Transcribe exactly the lines that fall between the one holding "Porsche Cayenne view 7" and the one holding "Detail Gallery Image", inclusive, from the entries below.

—————

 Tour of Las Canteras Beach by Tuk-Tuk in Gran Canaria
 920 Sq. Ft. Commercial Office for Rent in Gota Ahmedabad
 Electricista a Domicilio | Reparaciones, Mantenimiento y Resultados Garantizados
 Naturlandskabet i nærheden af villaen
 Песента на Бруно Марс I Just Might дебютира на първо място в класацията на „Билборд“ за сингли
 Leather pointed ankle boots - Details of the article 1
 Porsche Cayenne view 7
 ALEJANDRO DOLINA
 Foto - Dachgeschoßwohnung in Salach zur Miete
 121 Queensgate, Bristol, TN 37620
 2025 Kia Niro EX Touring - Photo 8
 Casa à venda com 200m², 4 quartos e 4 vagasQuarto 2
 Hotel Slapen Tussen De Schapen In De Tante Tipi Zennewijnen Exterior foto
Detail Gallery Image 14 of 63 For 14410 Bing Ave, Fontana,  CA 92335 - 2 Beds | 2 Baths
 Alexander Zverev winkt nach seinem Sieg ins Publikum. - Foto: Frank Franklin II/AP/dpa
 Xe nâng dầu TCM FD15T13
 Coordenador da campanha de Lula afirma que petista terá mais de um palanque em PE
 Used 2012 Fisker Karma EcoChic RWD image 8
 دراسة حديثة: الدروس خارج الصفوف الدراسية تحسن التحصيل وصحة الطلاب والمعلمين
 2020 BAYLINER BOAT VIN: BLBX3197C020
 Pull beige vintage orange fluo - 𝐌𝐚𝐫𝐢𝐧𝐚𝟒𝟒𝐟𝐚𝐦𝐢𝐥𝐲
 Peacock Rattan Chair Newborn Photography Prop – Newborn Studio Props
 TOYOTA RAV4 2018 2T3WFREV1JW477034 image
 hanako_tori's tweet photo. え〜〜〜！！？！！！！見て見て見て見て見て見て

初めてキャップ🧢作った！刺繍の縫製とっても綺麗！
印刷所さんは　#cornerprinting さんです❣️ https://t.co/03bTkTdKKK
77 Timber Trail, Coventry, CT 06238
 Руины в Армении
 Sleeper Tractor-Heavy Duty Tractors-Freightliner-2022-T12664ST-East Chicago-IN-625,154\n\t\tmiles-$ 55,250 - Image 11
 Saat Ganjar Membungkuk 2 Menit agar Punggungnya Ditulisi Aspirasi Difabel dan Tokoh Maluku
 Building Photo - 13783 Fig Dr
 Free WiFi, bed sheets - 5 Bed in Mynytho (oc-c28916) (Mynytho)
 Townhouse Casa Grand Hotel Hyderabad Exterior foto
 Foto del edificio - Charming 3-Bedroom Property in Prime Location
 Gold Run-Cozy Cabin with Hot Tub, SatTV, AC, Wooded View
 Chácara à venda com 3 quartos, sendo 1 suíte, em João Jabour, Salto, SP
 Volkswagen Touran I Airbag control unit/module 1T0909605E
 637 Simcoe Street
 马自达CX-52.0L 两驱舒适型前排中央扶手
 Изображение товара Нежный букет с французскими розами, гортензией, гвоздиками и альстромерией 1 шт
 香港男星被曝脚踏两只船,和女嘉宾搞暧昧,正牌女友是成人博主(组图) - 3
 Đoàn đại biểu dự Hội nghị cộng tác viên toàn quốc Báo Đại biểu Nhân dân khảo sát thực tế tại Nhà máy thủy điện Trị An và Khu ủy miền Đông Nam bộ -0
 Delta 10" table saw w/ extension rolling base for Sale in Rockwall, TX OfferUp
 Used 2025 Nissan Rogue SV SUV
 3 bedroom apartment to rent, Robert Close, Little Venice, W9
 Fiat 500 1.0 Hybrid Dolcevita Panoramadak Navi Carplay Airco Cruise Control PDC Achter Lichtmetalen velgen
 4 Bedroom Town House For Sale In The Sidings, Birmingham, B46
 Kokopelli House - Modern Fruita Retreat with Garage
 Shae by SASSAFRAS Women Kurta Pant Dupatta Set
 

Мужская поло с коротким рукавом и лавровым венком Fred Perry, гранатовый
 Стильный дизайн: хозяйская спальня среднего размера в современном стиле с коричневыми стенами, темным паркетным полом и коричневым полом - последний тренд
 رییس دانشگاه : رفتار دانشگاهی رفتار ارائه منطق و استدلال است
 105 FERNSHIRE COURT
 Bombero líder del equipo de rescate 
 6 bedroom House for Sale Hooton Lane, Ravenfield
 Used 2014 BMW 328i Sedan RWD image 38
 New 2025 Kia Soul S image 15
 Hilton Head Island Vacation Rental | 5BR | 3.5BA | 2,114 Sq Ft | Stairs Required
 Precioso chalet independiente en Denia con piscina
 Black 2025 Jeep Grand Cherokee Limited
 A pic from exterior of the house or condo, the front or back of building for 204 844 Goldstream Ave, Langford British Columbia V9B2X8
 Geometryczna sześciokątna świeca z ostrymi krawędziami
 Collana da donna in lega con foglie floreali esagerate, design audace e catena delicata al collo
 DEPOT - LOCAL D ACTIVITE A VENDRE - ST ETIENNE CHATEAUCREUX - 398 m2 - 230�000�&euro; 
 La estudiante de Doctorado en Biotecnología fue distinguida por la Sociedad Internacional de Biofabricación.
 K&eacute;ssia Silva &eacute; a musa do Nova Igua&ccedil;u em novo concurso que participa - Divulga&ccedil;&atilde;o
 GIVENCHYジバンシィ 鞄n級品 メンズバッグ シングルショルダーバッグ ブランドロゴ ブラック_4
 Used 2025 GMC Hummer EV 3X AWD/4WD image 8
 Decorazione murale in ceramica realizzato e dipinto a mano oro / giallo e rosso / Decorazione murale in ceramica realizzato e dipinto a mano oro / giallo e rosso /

—————

** Answer to this task **
 Porsche Cayenne view 7
 ALEJANDRO DOLINA
 Foto - Dachgeschoßwohnung in Salach zur Miete
 121 Queensgate, Bristol, TN 37620
 2025 Kia Niro EX Touring - Photo 8
 Casa à venda com 200m², 4 quartos e 4 vagasQuarto 2
 Hotel Slapen Tussen De Schapen In De Tante Tipi Zennewijnen Exterior foto
Detail Gallery Image 14 of 63 For 14410 Bing Ave, Fontana,  CA 92335 - 2 Beds | 2 Baths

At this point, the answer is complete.